Today is THE DAY … It’s the day before Friday that leads to the kickoff to the weekend! I have come to love and anticipate Thursdays! It’s turning into a scared day, for every Thursdays brings a time for my husband and I to reconnect, talk, and create new visions for our future!
My husband and I have always valued marriage and family, yet like so many other couples we lacked authentic communication. Sure we would talk and catch up with one another but the deeper stuff the pivotal conversation pieces where somewhat avoided. In life we are given these “lightbulb moments,” when the need and the situation will somehow line up and the heart manages to be open enough to accept the outcome. For us this meant seeking council outside of ourselves.

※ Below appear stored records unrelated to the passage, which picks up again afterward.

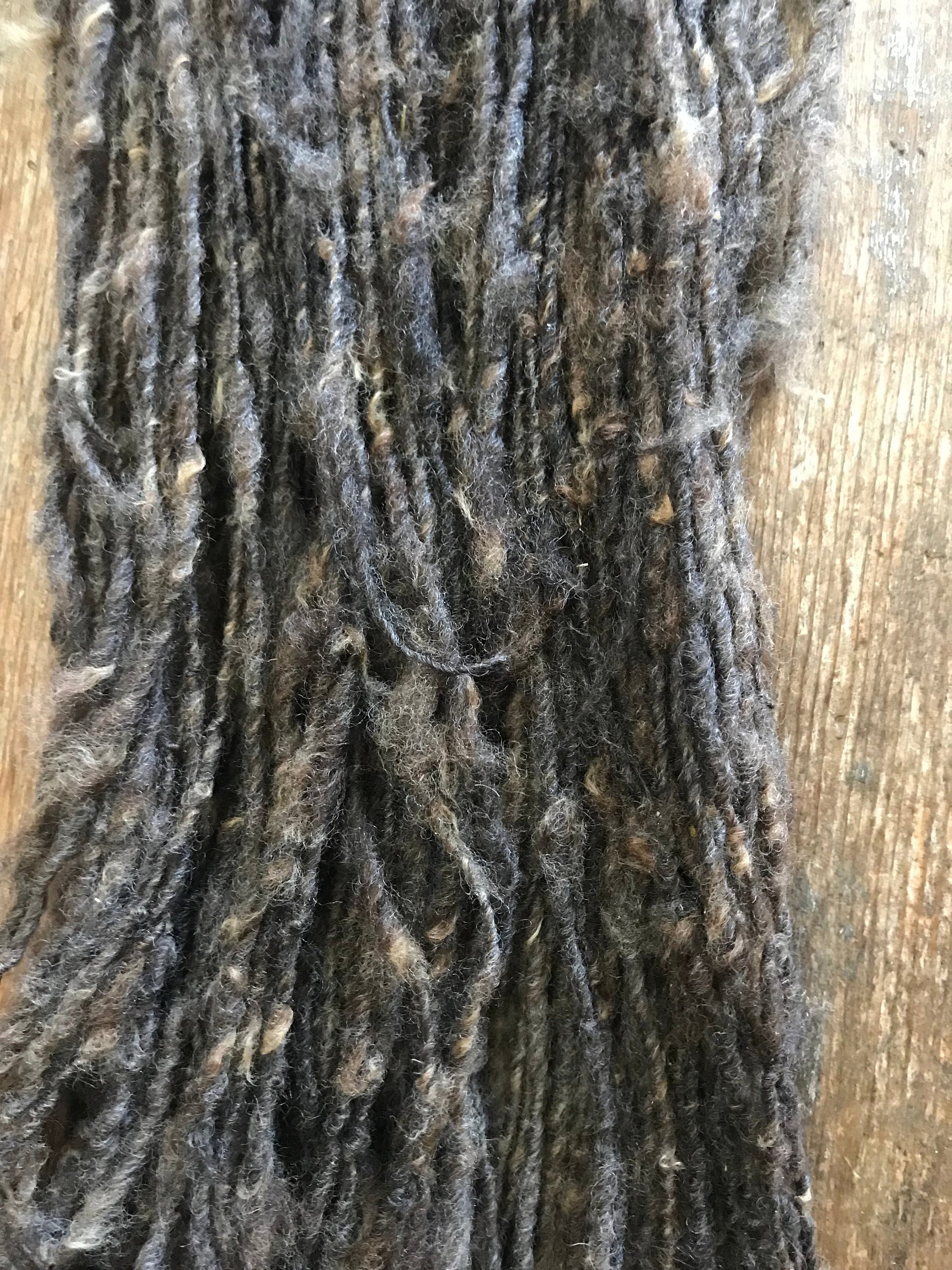 Brown/grey corriedale wool yarn, nubbly lockspun natural art yarn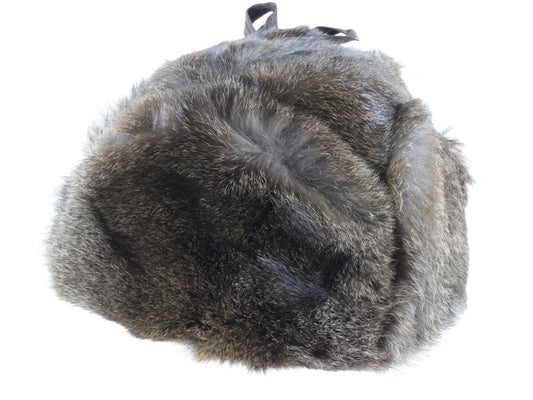 Biltmore Ladies Dark Brown Genuine Rabbit Fur Bomber Winter Hat l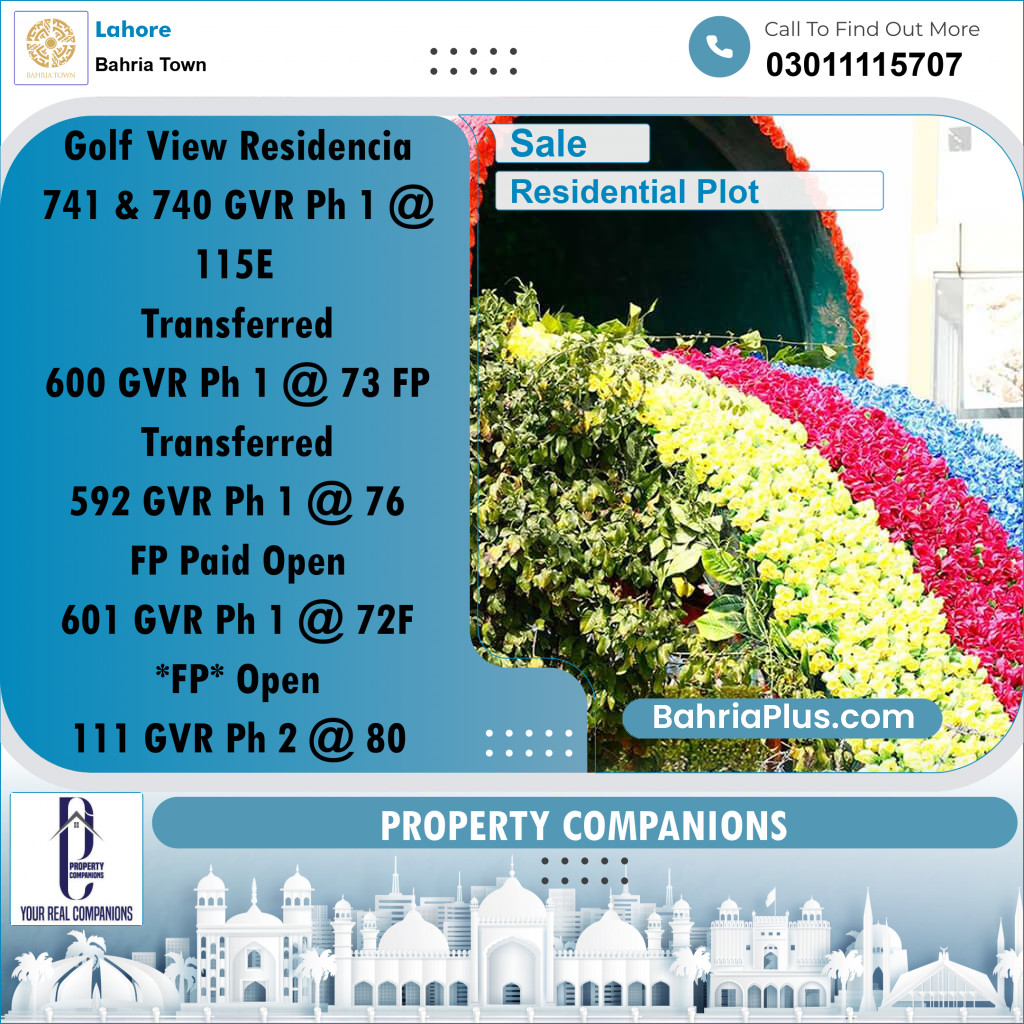 Residential Plot for Sale in Golf Phase 1 -  Bahria Town, Lahore - (BP-174736)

As a mother keeping the pyramid the way God has outlined can seem impossible. After all we are given these helpless infants and our maternal instincts kicks into high gear to assess every situation and need for our child. Than the infant grows and becomes more self sufficient yet our dependency to our child stays in tact. Switching back to prioritizing God and then our husbands before our children can sound comical at times yet God commands it…Why? It’s within counseling these deep conversations where capable of being explored and this is one major way our life remained unbalanced. Through our wonderful counselor and ultimately God I was being shown how inverting the triangle so to speak can really create issues not just between you and your husband but for the whole family. There is a designated purpose and reason for having God at the top and your spouse in second in command. Since two become one you’re not just prioritizing your spouse your prioritizing yourself as well. We all know the bible verse “wives submit to your husband.” It can sound demeaning or even harsh yet as my counselor shared his personal insight with my husband and I, we walked away feeling this verse should be scarified in marriage. See the husband is to selflessly (key word here) seek to submit to the need of his wife and prioritize her desires before his own and the wife is to come before her husband with the same mindset thus allowing a safe space that than you TOGETHER can come to a consensus about the issue at hand.
This illustration can be demonstrated even with just simple communication. A person’s goal in communication shouldn’t be that they just hear you, but in all actuality they are just waiting for you to be done speaking so they can get their piece in and tell you how you ought to navigate the situation at hand. But rather really listen to what you are actually saying AND feeling so they can be of a support for you and so you can walk through it together. Gaining a deeper level of emotional intimacy and ultimately TRUST.
Marriage isn’t about beating the other person but winning together, building your family up through God. By keeping your marriage the focus you are demonstrating something far healthier for your children to witness than any other thing you could possibly give them for when you truly love and respect each other you are setting the precedent on how your child should be loved and how they one day will love their spouse. I am cherishing these Thursdays we spend with each other, growing and deepening our love, respect and communication for one another. These are the best Thursdays of my life!